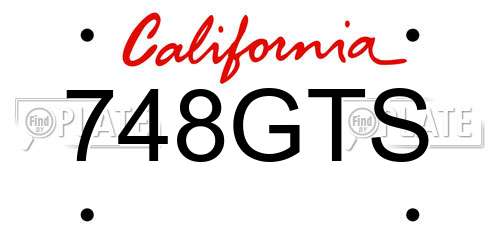 748GTS California License Plate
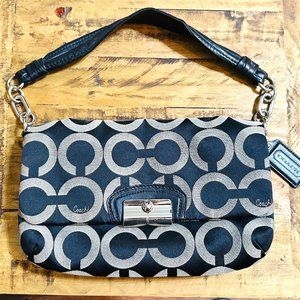 Authentic Coach Kristin OP Art Flap Grey and Black Sateen and Black Leather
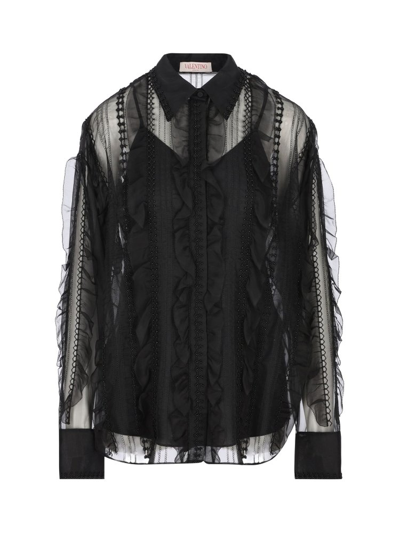 Valentino Women's Embroidered Organza Shirt In Black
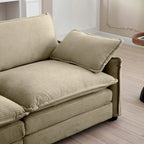 Canapé modulaire convertible 6 places en velours côtelé avec 3 poufs amovibles et 5 oreillers, combinaison libre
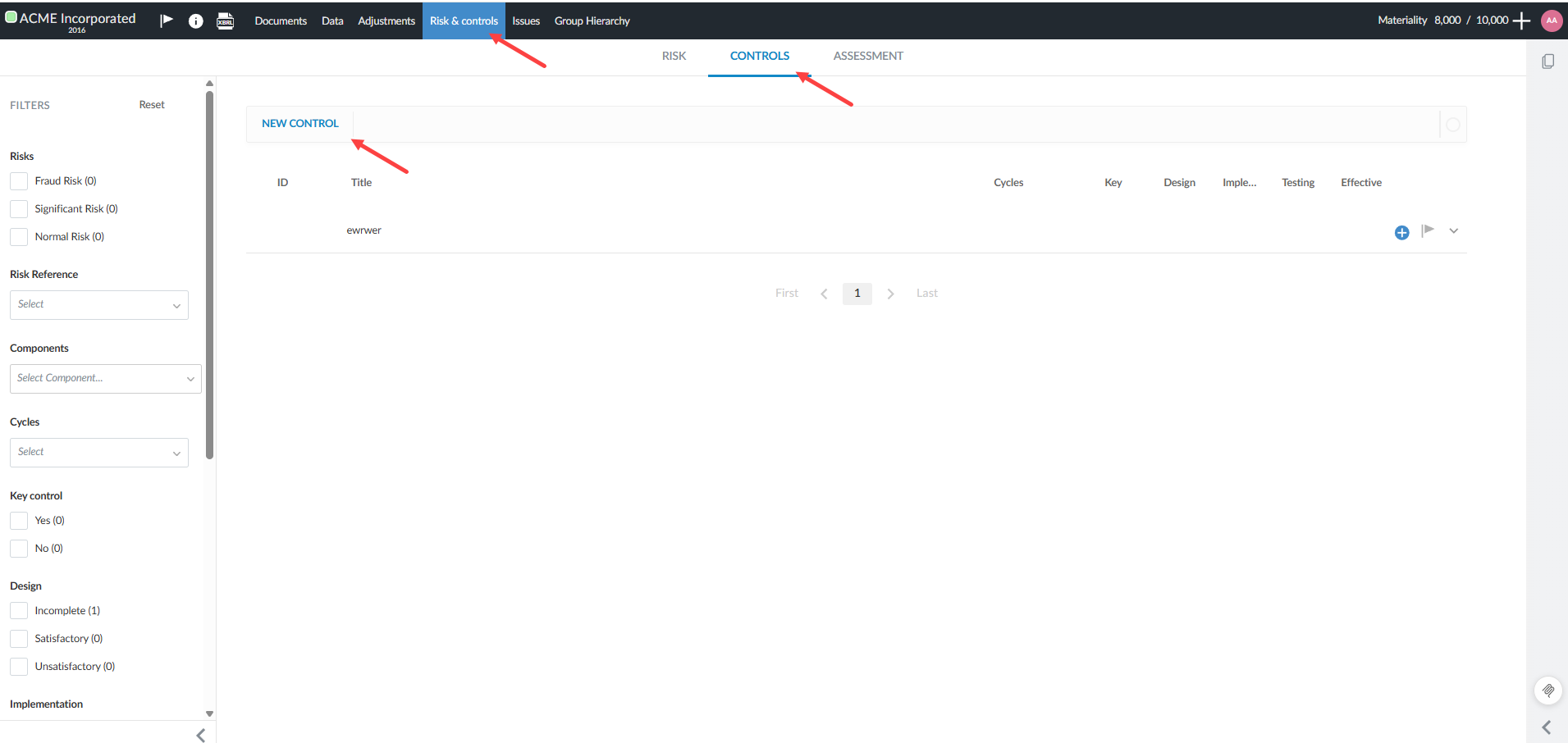 the user interface for selecting the Controls tab under the Risk and Controls page.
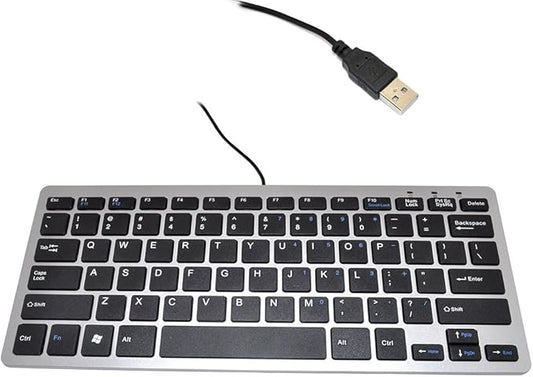 iKKEGOL Mini USB Slim Wired 78 Key Small Super Thin Compact Keyboard for Desktop Laptop PC Win 7 Mac (Black with Silver)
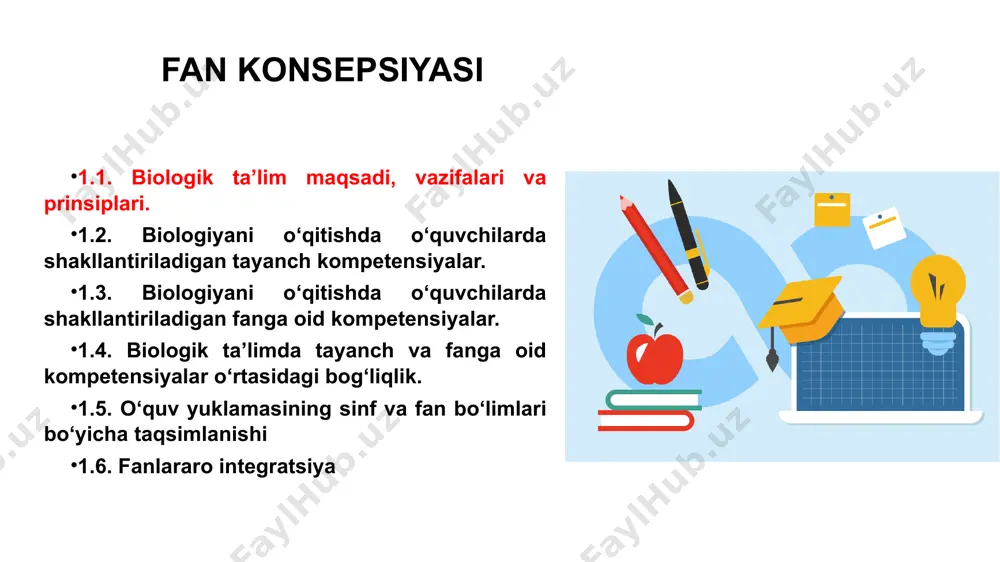 kompetensiyalar. 1.3. biologiyani o‘qitishda o‘quvchilarda shakllantiriladigan fanga oid kompetensiyalar. 1.4. biologik ta’limda tayanch va fanga oid kompetensiyalar o‘rtasidagi bog‘liqlik. 1.5. o‘quv yuklamasining sinflar bo‘yicha taqsimlanishi 1.6. fanlararo integratsiya № bo‘lim va boblar nomi soatlar taqsimoti jami nazariy amaliy mashg‘ulot, nazorat ishi loyiha ishi laboratoriya mashg‘uloti 1 tirik organizmlarning xilma-xilligi 10 8 2 - - 2 tiriklikning molekula va hujayra darajasi 3 2 - - 1 3 organ va organlar sistemasi 6 5 1 - - 4 oziqlanish 4 2 1 - 1 5 nafas olish 6 3 1 1 1 6 tirik organizmlarda moddalar transporti 4 2 1 - 1 7 ayirish (ekskresiya) 7 3 2 - 2 8 harakatlanish 3 2 1 - - 9 koordinatsiya va o‘z-o‘zini boshqarish 6 3 1 1 1 10 reproduksiya. o‘sish va rivojlanish 7 4 2 1 - 11 tur, populatsiya, ekosistema, biosfera 4 2 2 - - jami: 68 36 14+8 3 …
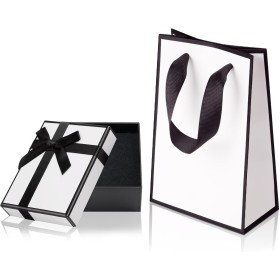 Aucuu 2 Caja de Regalo de Joyería, 9x7x3cm de regalos con lazo, Cajas y Bolsa Cumpleaños, Collar Caja de Pendientes para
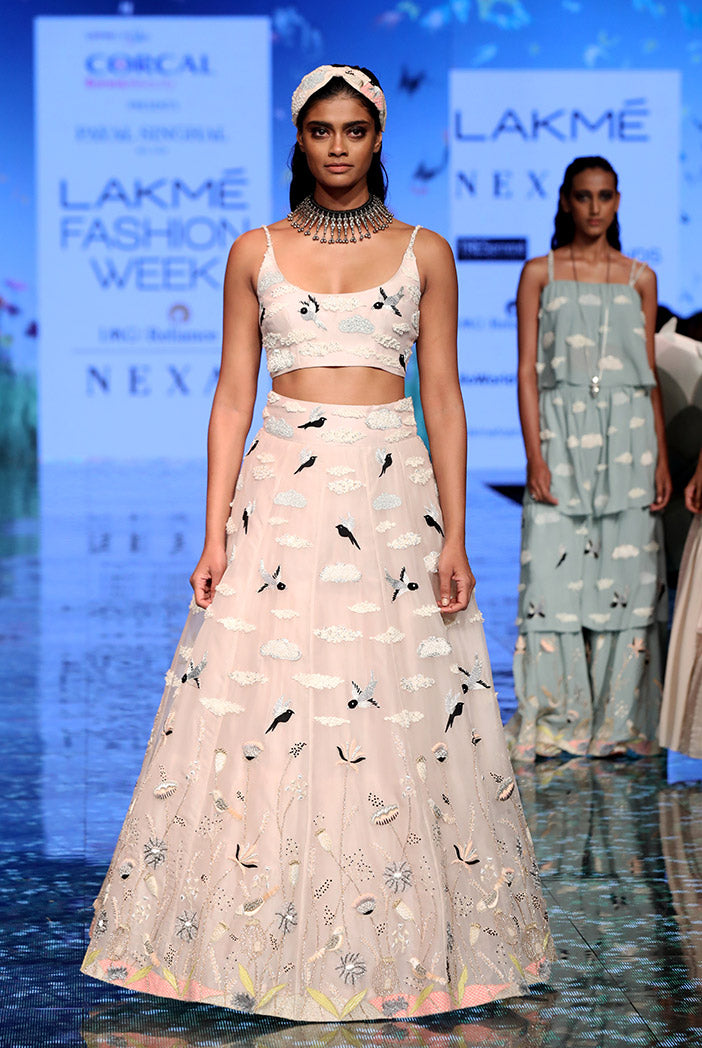 Nesma Dusky Rose Choli and Lehenga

▸ TASK REQUIREMENTS
Give back every entry verbatim. No pictures belong in the copy.

▸ ANSWER TO THIS PROBLEM
 748GTS California License Plate
 Authentic Coach Kristin OP Art Flap Grey and Black Sateen and Black Leather
 Valentino Women's Embroidered Organza Shirt In Black
 Canapé modulaire convertible 6 places en velours côtelé avec 3 poufs amovibles et 5 oreillers, combinaison libre
 the user interface for selecting the Controls tab under the Risk and Controls page.
 iKKEGOL Mini USB Slim Wired 78 Key Small Super Thin Compact Keyboard for Desktop Laptop PC Win 7 Mac (Black with Silver)
 kompetensiyalar. 1.3. biologiyani o‘qitishda o‘quvchilarda shakllantiriladigan fanga oid kompetensiyalar. 1.4. biologik ta’limda tayanch va fanga oid kompetensiyalar o‘rtasidagi bog‘liqlik. 1.5. o‘quv yuklamasining sinflar bo‘yicha taqsimlanishi 1.6. fanlararo integratsiya № bo‘lim va boblar nomi soatlar taqsimoti jami nazariy amaliy mashg‘ulot, nazorat ishi loyiha ishi laboratoriya mashg‘uloti 1 tirik organizmlarning xilma-xilligi 10 8 2 - - 2 tiriklikning molekula va hujayra darajasi 3 2 - - 1 3 organ va organlar sistemasi 6 5 1 - - 4 oziqlanish 4 2 1 - 1 5 nafas olish 6 3 1 1 1 6 tirik organizmlarda moddalar transporti 4 2 1 - 1 7 ayirish (ekskresiya) 7 3 2 - 2 8 harakatlanish 3 2 1 - - 9 koordinatsiya va o‘z-o‘zini boshqarish 6 3 1 1 1 10 reproduksiya. o‘sish va rivojlanish 7 4 2 1 - 11 tur, populatsiya, ekosistema, biosfera 4 2 2 - - jami: 68 36 14+8 3 …
 Aucuu 2 Caja de Regalo de Joyería, 9x7x3cm de regalos con lazo, Cajas y Bolsa Cumpleaños, Collar Caja de Pendientes para
 Nesma Dusky Rose Choli and Lehenga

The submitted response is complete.